Appeals to authority and accomplishments aside, I don't need to have written such systems to understand, infer, and conclude things about aspects of their behavior. My point is this: something created by humans cannot be, by definition, inhuman.

I don't know what you mean by "inhuman". It sounds like you mean the term to be "never tainted by the ephemeral emanations of humanity". I merely mean "inhuman" as "thought processes so radically different that intuitions about a human mind are completely useless".

Concretely, do you believe a random forest can somehow infer that the variable x[27] represents gender, and that to make it's sexist creator happy it should reduce the objective function in order to screw some women over? If you look at the internals of sklearn, that's just not what random forests do.

Two methodologies, the "human approach" and the "ML approach", might have radically different steps but come to the same conclusions. It would appear from your comments that you are OK with these conclusions ("An unbiased methodology produced these results, therefore, it's OK!"). Are you morally satisfied by the conclusions discussed above? Do the results of "such systems" influence your satisfaction?

I don't know what you mean by "morally satisfied". A fact about the world is either true or false. In computer science terms, I believe "morally satisfied" has type `satisfied: HumanAction -> Boolean`. Your question consists of applying `satisfied` to a value of type `WorldState` - it's a type error. In human terms, your question doesn't make sense.

In terms of my own individual happiness (as distinguished from moral satisfaction), this fact reduces my happiness. Because I believe many of these facts to be true, I'm forced to either lie about my beliefs (which causes me disutility) or suffer social opprobrium from anti-intellectual types and lazy thinkers influenced by them.

But you can have distortions in the data, even if the algorithm is neutral, can't you? The data says "men are more likely to commit rape than women"; OK, that's probably not just that the data encodes a bias. But if your program says "blacks are more likely to be charged with violent crimes", say, is that because blacks are more likely to commit violent crimes, or because blacks are more likely to be charged with violent crimes because the justice system is (or historically has been) skewed?

Even an unbiased analysis system can reach bad conclusions from bad data, and a biased justice system can produce bad data. So the conclusions can be biased even if the program is unbiased.

Just fyi, several people have tried engaging this person in similar discussions before... https://news.ycombinator.com/item?id=8613711
Now is this an example of predictive analytics or of human prejudice? :)
No, they show that a completely inhuman intelligence, designed to learn to show humans what they want to see, can successfully cater to human bias.

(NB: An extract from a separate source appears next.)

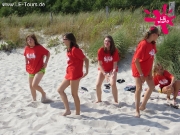 groemitz-5-dg-2013-206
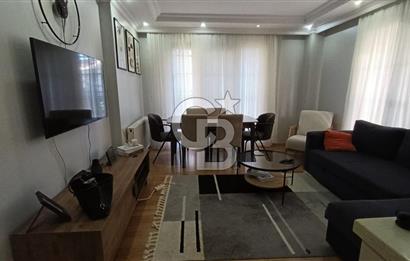  TEPEÜSTÜ MAH SİTE İÇİNDE SATILIK DAİRE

For example, the Salon article talks about Google AdSense showing ads for arrest records when someone searches for black-sounding names but not white-sounding ones. Google are quite open about the fact that they choose the ads they think are most likely to be clicked. So if people are more likely to click on ads for arrest records when looking for information on a black person, that completely inhuman intelligence, with no intrinsic biases, will happily cater to their racism. That you argue this somehow means racism is a useful, predictive heuristic of anything other than how racists act says a lot.
Another example from the article shows that men are more likely than women to click on an ad for a high income job, or that low income people are going to click on ads for high interest loans. These are stereotypes that seem to be confirmed by the algorithm.

The core question - do you believe the problem will be fixed by better machine learning algorithms? Going back to the current example, do you believe that a Bayes-optimal machine learning algorithm for predicting criminal behavior will be "unbiased" (in the sense of social justice, not in the sense of statistics)?

Or, more concretely, do you believe that the only problem that mtgx and smtddr are complaining about is that our ML algorithms aren't good enough and that maybe we need deep learning instead of random forests?